Dass es potenziell mehr Forschungsprojekte gibt, auf die der Terminus zutrifft, wurde Zaller und seinen Kollegen in den vergangenen Jahren bewusst. Sie reagierten mit der Einrichtung eines Projektteams, mit dem Ziel, solche Projekte unter dem Dach einer Online-Plattform zu vernetzen. Auf www.Citizen-Science.at finden sich momentan acht Forschungsvorhaben - Tendenz steigend, so Florian Heigl, Wissenschaftlicher Mitarbeiter am Institut und Plattform-Koordinator.

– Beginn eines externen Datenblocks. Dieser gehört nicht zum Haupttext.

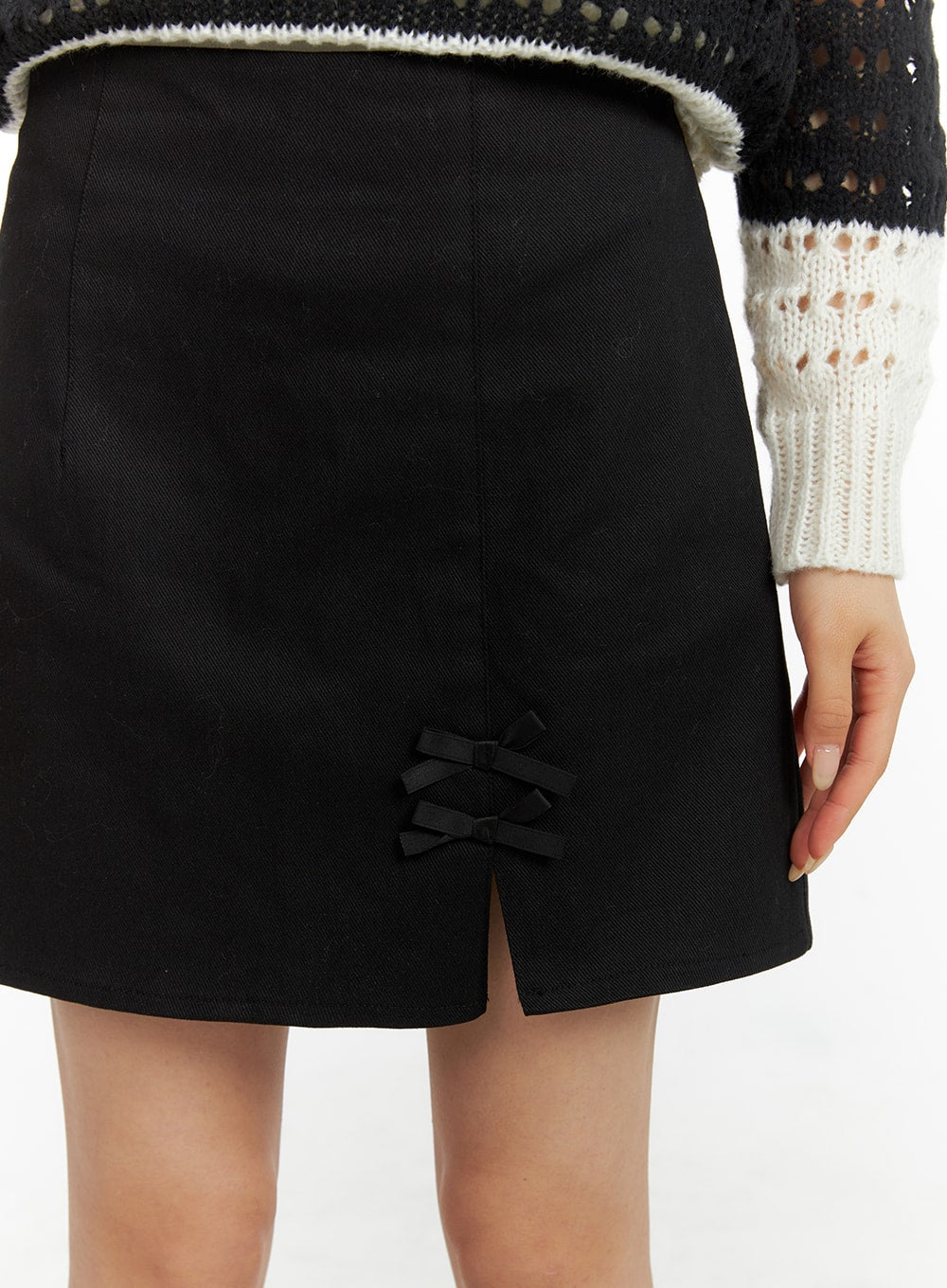 Ribbon Trim Slit Mini Skirt CF415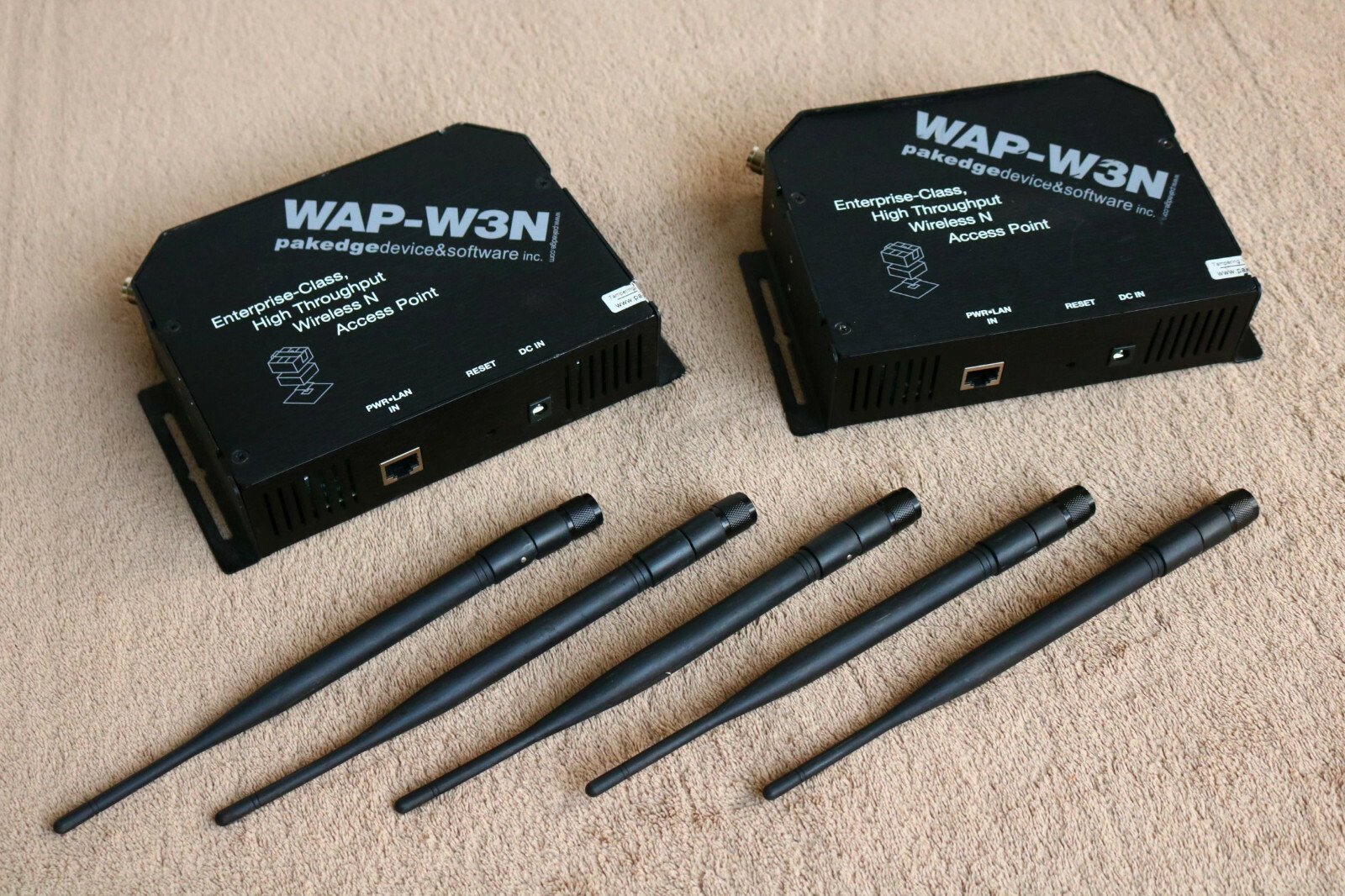 LOT 2 Pakedge Enterprise Class Wireless N Access Point WAP-W3N w 5 antenna GY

Je mehr die Menschen über wissenschaftliches Arbeiten und Wissenschafter als solche erfahren, desto weniger Berührungsängste gebe es, erklärte Zaller. "Die Leute werden kritischer" und das Interesse steige insgesamt, so der Professor für Ökologe, der darin auch einen Weg sieht, um das mancherorts vorherrschende Bild vom "unfehlbaren Wissenschafter" zurechtzurücken. "Es hat auch einen 'Volksbildungscharakter' - um es mit einem etwas veralteten Begriff auszudrücken."
Mehr als Daten sammeln
Manchmal werde darunter aber reines Datensammeln durch Bürger ohne Einbeziehen der Laienforscher in die darauf folgende wissenschaftliche Auswertung verstanden. "Für uns verbindet der Begriff 'Citizen Science' aber immer beides", so Benjamin Dauth von der Arbeitsgruppe "Citizen Science" an der Boku. Um tatsächliche Partizipation am Projekt und den Anspruch des Informations- und Bildungstransfers zu ermöglichen, muss man immer wieder mit den Beteiligten in Kontakt treten und wissenschaftliche Inhalte verständlich machen, gibt wiederum Heigl zu bedenken, der gerade seine Dissertation zu dem Thema schreibt. Man dürfe sich jedenfalls "nicht einsperren mit seinen Ergebnissen und Daten".
Damit einher gehe natürlich auch ein gewisser administrativer Aufwand. Forscher, die glauben, durch Citizen Science lediglich billig und schnell an gute Daten kommen zu können, würden vermutlich enttäuscht. Ohne ein Kümmern um die Beteiligten, könne es sehr schnell gehen, dass viele ihr Interesse verlieren. "Wir können nicht ein Jahr Daten sammeln und uns nie rühren", so Heigl. Schon ein einfaches "Dankeschön" reiche manchmal.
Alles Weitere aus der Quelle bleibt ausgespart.